§ **Requirement**
Set each entry down verbatim, omitting images.

§ **Data for analysis**
..........

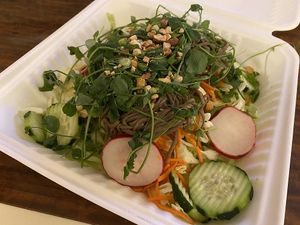 Soba Noodle Salad - they forgot my dressing so it wasn't great at Great Full Gardens in Sparks
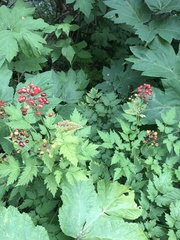 Actaea rubra rubra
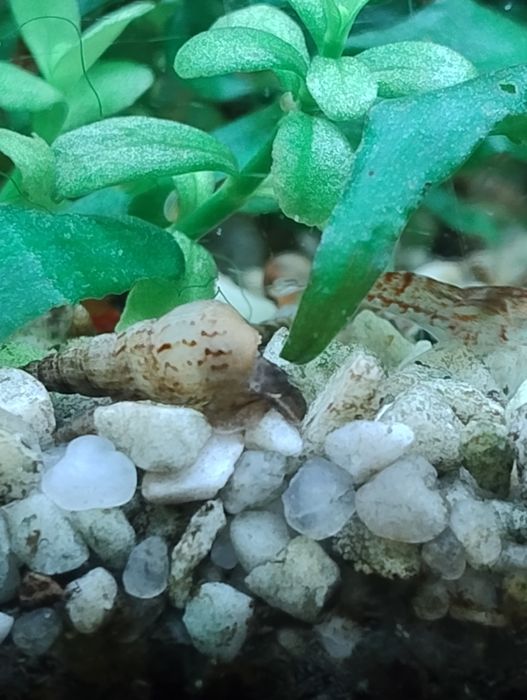 Ślimak świderek 10 szt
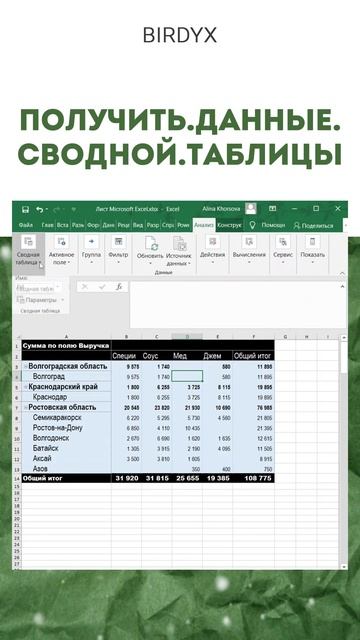 Birdyx. Excel и Google таблицы для бизнеса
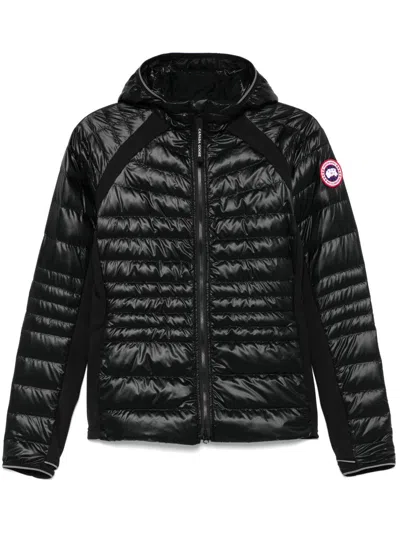 Canada Goose Hybridge Jacket In Black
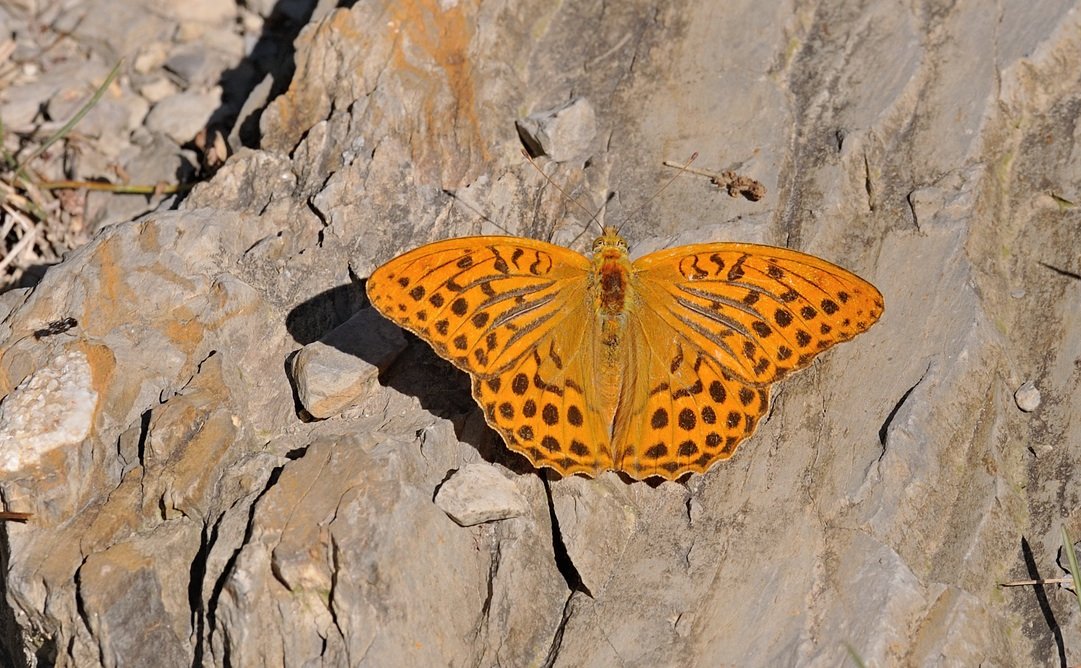 photo B072110, © Adriaan van Os, Coustouges 01-08-2022, altitude 800 m, ♂ Argynnis paphia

..........

§ **Solution below**
 Soba Noodle Salad - they forgot my dressing so it wasn't great at Great Full Gardens in Sparks
 Actaea rubra rubra
 Ślimak świderek 10 szt
 Birdyx. Excel и Google таблицы для бизнеса
 Canada Goose Hybridge Jacket In Black
 photo B072110, © Adriaan van Os, Coustouges 01-08-2022, altitude 800 m, ♂ Argynnis paphia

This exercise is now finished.